Reputation: 3314
Following is an easy version of what I'm trying to do. I have the following vector:
wage = 1:10 # Generate a sequence from 1 to 10
And I want to create another vector wage_level
such that:
(i) wage_level
is "low"
if wage
less than 5
(ii) wage_level
is normal
if wage
is equal to 5
(iii) wage_level
is high
if wage
is greater than 5
I know I can use nested ifelse
statements to do it, however, as I pointed out earlier, this is but a simplified version of what I really want to do because I have about 15 alternatives.
Edit
The answer provided below makes use of the cut()
function, which actually works well in many cases. However, it does not seem to "work" in my case. Following is the detailed explanation.

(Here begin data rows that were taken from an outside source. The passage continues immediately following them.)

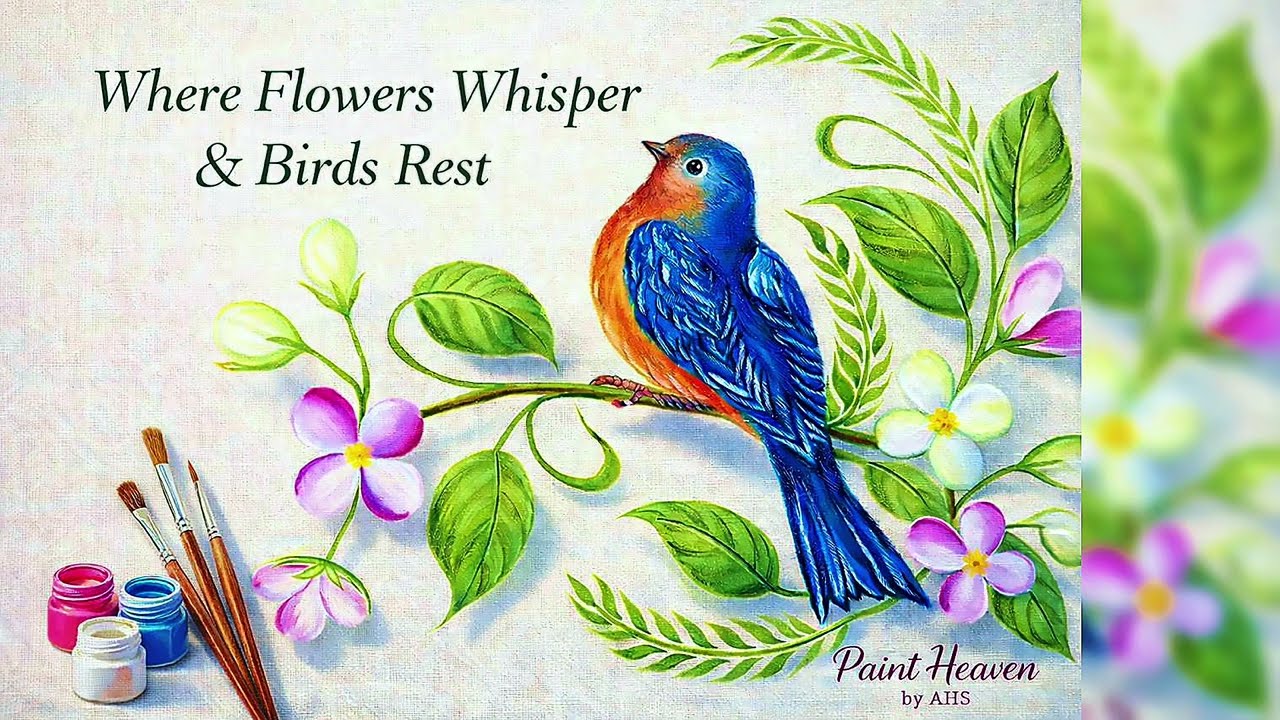 Flowers & Leaves Painting on Branch | Acrylic Nature Art | Relaxing Painting | Part 2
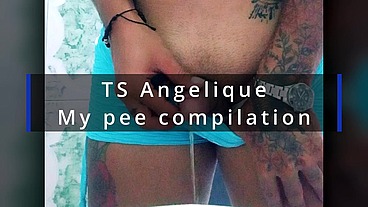 TS Angelique - Pee compilation
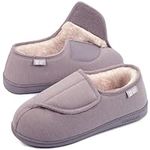 LongBay Women's Furry Memory Foam Diabetic Slippers Comfy Cozy Arthritis Edema House Shoes Grey 7 UK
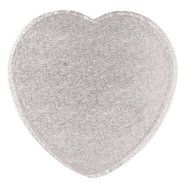 Heart Shaped Cake Board - Silver 12inch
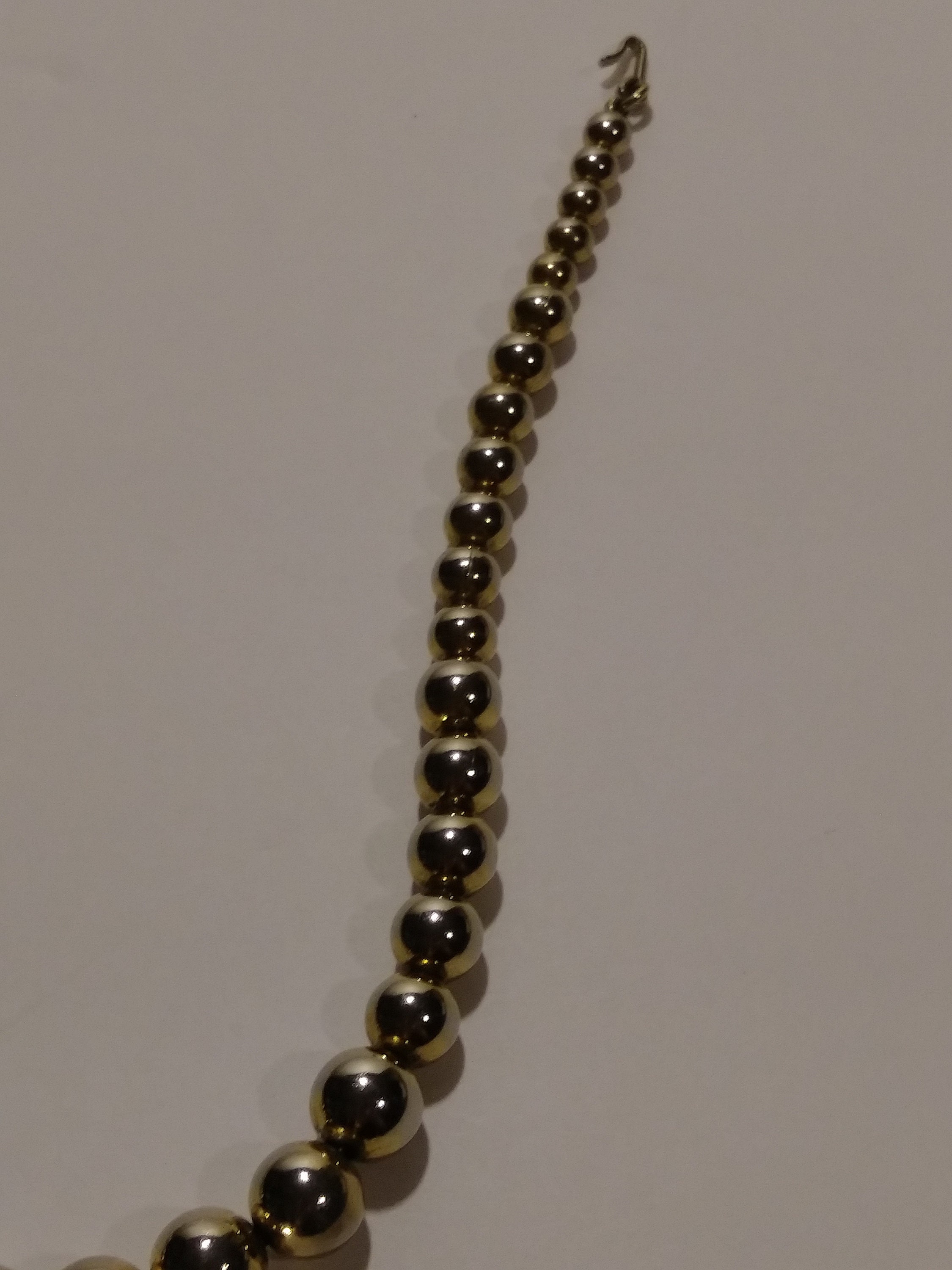 Graduated Bead Necklace Gold Tone Etsy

I was able to use the cut()
function to create the wage_level
vector:
wage = runif(10, 1, 10) # Randomly generate 10 values between 1 and 10
# Here I use the cut() function
wage_level = cut(wage,
breaks = c(1, 4, 6, 10),
labels = c("low", "normal", "high"),
include.lowest = TRUE)
> wage
[1] 5.522422 4.793292 8.161671 5.480415 1.396909 3.403013 4.940242 7.762142 6.364159 4.603998
> wage_level
[1] normal normal high normal low low normal high high normal
Levels: low normal high
Now, let's suppose I want to use the wage_level
vector to create another vector (the rating
vector) using the cut()
function. The condition to create the rating
vector is as follows:
(i) rating
is "1"
if wage_level
less than "low"
(ii) rating
is 2
if wage_level
is equal to "normal"
(iii) rating
is 3
if wage_level
is greater than "high
My problem is that using the cut()
function will not make the rating
vector a numeric
vector will the values of my choice. The following code does not work:
rating = cut(as.numeric(wage_level),
breaks = c(0, 1, 2, 3),
labels = c(1.2, 6.5, 8.9),
include.lowest = TRUE)
> as.numeric(rating)
[1] 2 2 3 2 1 1 2 3 3 2
I mainly have two problems here:
(i) I would have preferred a way to use the actual strings (i.e. "low", "normal" and "high") instead of the labels indexes
(ii) The values in the rating
vector have nothing to do with the values I specified.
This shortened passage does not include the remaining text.